DANIEL AKERSON: No, no. Remember, I have a fiduciary responsibility, the board has fiduciary responsibility to all of our shareholders regardless if they own a thousand shares or a million shares. And once we took it public, we have certain restrictions, FTC restrictions; do we unfairly disclose information to one shareholder regardless if they have 27% of the company or 1%, and the answer is no.

Prior to us going public, reentering the public market, yes, they got monthly reports and looked at our financials, and we had shareholder meetings before it went public, and they'd show up and they'd vote for or against various directors and various proposals that were before these shareholders, of which there were four at the time. The Canadian government also put money into the company at the time of the bankruptcy.

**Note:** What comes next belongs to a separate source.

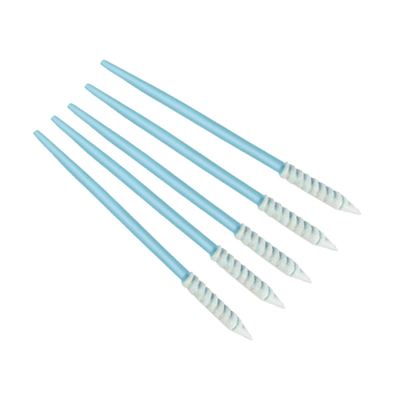 CM FS752 Tip Cleaning Swabs Sponge Stick For Inkjet Printer cleanroom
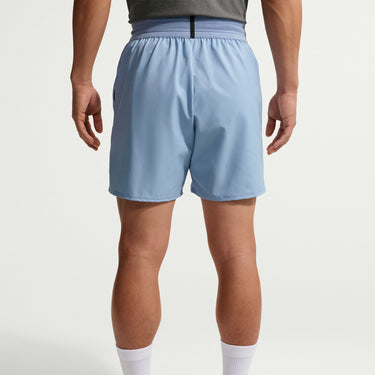 NIKECOURT SLAM MEN'S DRI-FIT TENNIS SHORTS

ADAM LASHINSKY: So, two last things on this. One is, do you have a sense of what the government's timeline is?

DANIEL AKERSON: No.

ADAM LASHINSKY: And how often do you communicate with the president? Because this is a very important investment for the U.S. government.

DANIEL AKERSON: Well, I think I've spoken to the president twice.

ADAM LASHINSKY: You mean since you became CEO?

DANIEL AKERSON: Yes, yes. And he visited one of our Detroit area plants with the president of Korea when the free trade agreement was signed between the United States and South Korea.

But I think the president is a supporter of the company, obviously, as was the Bush administration. But objectively, candidly, they don't involve themselves in the day-to-day running of the business.